Jan Herzmann: surveying the Czech political scene


Jan Herzmann is a managing partner in one of the top Czech polling agencies, Factum Invenio. While most of the work is marketing surveys for companies, the current workload is spiced up by polls and surveys ahead of lower house elections at the end of next week. I asked Mr. Herzmann about the special characteristics of polling in the Czech Republic and how he came to be in the forefront of moves to re-launch political opinion polls after more than 40 years of Communism.

“I was lucky enough to be the first one to have the chance to start opinion polling on election issues early in 1990. Before the Velvet Revolution, there was no polling because the results of the elections was clear in advance. At the time I was one of those people working at the statistical office and it was my idea to restart polling, pre as well as post election polling. So we tried that and it worked.”

There was a lot of interest from whom, the newspapers, the media or the parties themselves?

“Everyone was curious about this. And there was great interest from the whole population and the media. At that time Czechoslovak Television was extremely interested in the results. Everybody was curious. It was a nice time.”

And in the last 20 years, has the market for political polling and maybe other polling, changed?

“In the beginning, there was no market. Step by step it started to develop and the unusual tendency in the Czech Republic is that the political parties are interested in buying opinion polls but the media is not. So the market is a bit biased. It is huge as many political parties order polls on different issues but the media do not. And I would say there is a lack of an independent, corrective mechanism to balance the party organised polls and surveys.”

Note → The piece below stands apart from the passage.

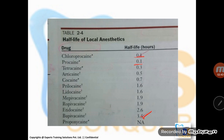They can ask: which of the following local anesthetic has the highest duration of action? They may not give bupivacaine as an option — they can give various options like tetracaine, articaine, cocaine, and etidocaine. The answer is etidocaine at 1.6 hours.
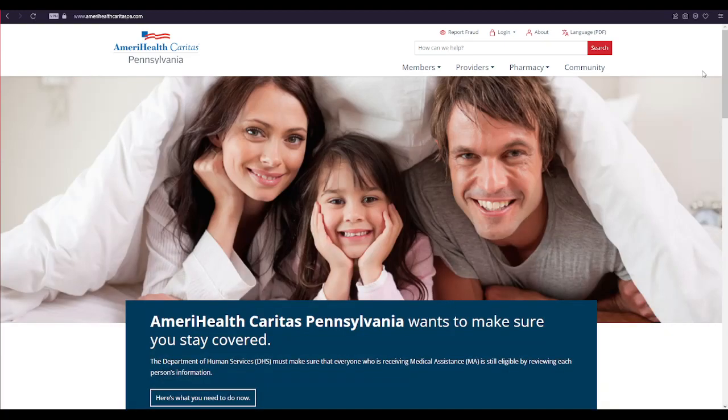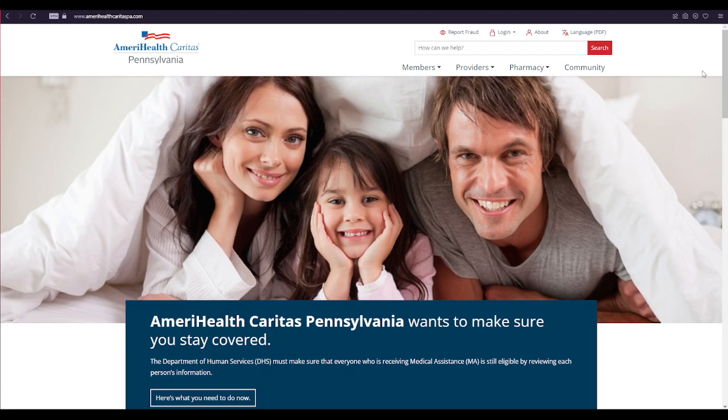Hi everyone, welcome to our new video. In today's video, I'm going to show you how to log into your AmeriHealth OTC account. So watch the video till the end and don't forget to subscribe to our channel.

Do the parties conduct polls throughout the year or is it mostly in the pre-election months or weeks?

“In my opinion, we are dealing with two different decades. In the 1990’s the parties were interested in polling during the last three or four months before the elections. It changed at the beginning of this century. Now the big parties, and in the first place the Social Democrats, spend a lot of money on polling throughout the whole election term.”

And as a result do you see a fairly quick change in policies when there is a poll showing a policy is not popular or hitting the mark?

“I should say there are big differences. Some big parties react fairly slowly and this is the case of the right-wing party, the ODS (Civic Democrats), and some of the smaller parties who are also rather cautious. On the other hand, the Social Democrats are well known for a very swift reaction and sometimes they are called populist because they react to changes in public opinion very quickly and then change some of their positions and policies fairly quickly.”

Can you give some examples of where polls said you are out of tune with public opinion and the policy changed swiftly?

“This applied to some of the issues concerning the reform of healthcare and the situation on the labour market. So there are different, rather small, issues that were changed as a result of opinion polls, but not the strategy or policy of course.”

And the media are still not interested in carrying out polls ahead of elections?

“This year there has been a big change. Public television and radio asked for a series of polls that they used for organising their broadcasts. This was not the case in previous years. On the other hand, the commercial media, both electronic and print, wait for polls to be printed so that they can use them for free. They do not order polls. Otherwise, they prepare rather peculiar estimates based on, say, 100 clever people, things like that. It is not very typical that the media do not order their own pre-election studies.”

Would you say that the Czech polling market after 20 years is now a mature market or does it still have some things to learn and develop?

“As to the frequency of polling and modalities, it is a mature market now. There are at least five polling agencies that can deliver high quality pre-election studies. The difference is that the media do not distinguish between agencies working for political parties and the results of those agencies and results of independent information services. It makes a bit of a mess of the message you get from the electronic and printed media.”

Does it make a difference if the company is carrying out work for a party and carrying out public work or polling? Is there an influence or just a suspicion of influence?

“There is no evidence that any of these agencies who are working for political parties influence the results. But in my humble opinion the reader or public should know whether the results are based on a study that was ordered or paid for by a political party or not.”

One problem I find when I am out on the streets doing interviews is that people seem to run away or do not want to answer questions. There still seems to be a latent suspicion of people asking questions, perhaps a hangover from the communist times. Is this a problem for Czech surveys and are they accurate if people do not want to answer questions?

“Definitely this is not a hangover from the ancien regime, the communist era, because in the 1990’s people were willing to give their opinions. They were very open and the refusal rate was rather low, about 10 percent. This has changed. We now have a response rate at the western level, which means between 60-70 percent. Of course, corrections are necessary if we want to prepare an election model that makes a forecast of the probable election result. I mentioned five agencies that can deliver rather good results. All these agencies have their correction procedures, statistical procedures, to take away the bias of non-response.”